From this decision it is clear that the Judicial Committee opined that before a plea can be held to be barred by res judicata that plea must have been heard and determined by the Court. Only a decision by a Court could be res judicata, whether it be statutory under Section 11 of Civil Procedure Code or constructive as a matter of public policy on which the entire doctrine rests. Before an earlier decision can be considered as res judicata the same must have been heard and finally decided.
The Courts in India have generally taken the view that an execution petition which has been dismissed for the default of the decree-holder though by the time that petition came to be dismissed, the judgment-debtor had resisted the execution on one or more grounds, does not bar the further execution of the decree in pursuance of the fresh execution petitions filed in accordance with law. Even the dismissal for default of objections raised under Section 47, the Civil Procedure Code does not operate as res judicata when the same objections are raised again in the course of the execution. We do not think that the decision on which the learned Counsel for the appellant placed great deal of reliance is correctly decided. Hence, we agree with the High Court that the plea of res judicata advanced by the appellant is unsustainable.

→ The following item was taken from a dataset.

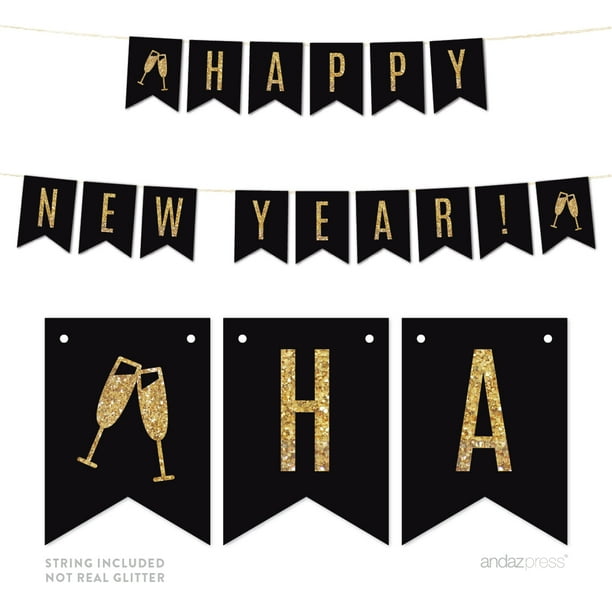 Happy New Year Holiday Party Decoration Glitter Jointed Letter Banner 2 COLORS Happy New Year Holiday Party Decoration Glitter Jointed Letter Banner 2 COLORS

16. In the light of the above discussion, when this Court looks into the facts on hand, it is clear that it is only Order IX, Rule 4 which has to be invoked, but not Order IX Rule 9 CPC. As discussed supra, only when both the parties are absent Order IX Rule 4 comes into play and when the plaintiff only is absent and the defendant is present Order IX Rule 9 comes into play. In the case on hand, as both the parties were absent, particularly the revision petitioner, who is the 1st respondent in review petition, the learned Judge dismissed CRP No. 5704 of 1999 for default and he did not pass the order after hearing and deciding the question, either of fact or law, involved in it. As both the parties were absent, in my considered view, neither the principle of res judicata can be pressed into service nor Order IX Rule 9 CPC can be said to have any application to the facts of the case.
17. In the light of the aforementioned discussion, this Court has no hesitation to come to the conclusion that though CRP No. 6929 of 2005 decided by this Court on 23.12.2005 is a second revision questioning the order dated 7.6.1999 passed by the Joint Collector, the same is maintainable.
18. Hence, 1 see no merits in this review petition, and the same is accordingly dismissed.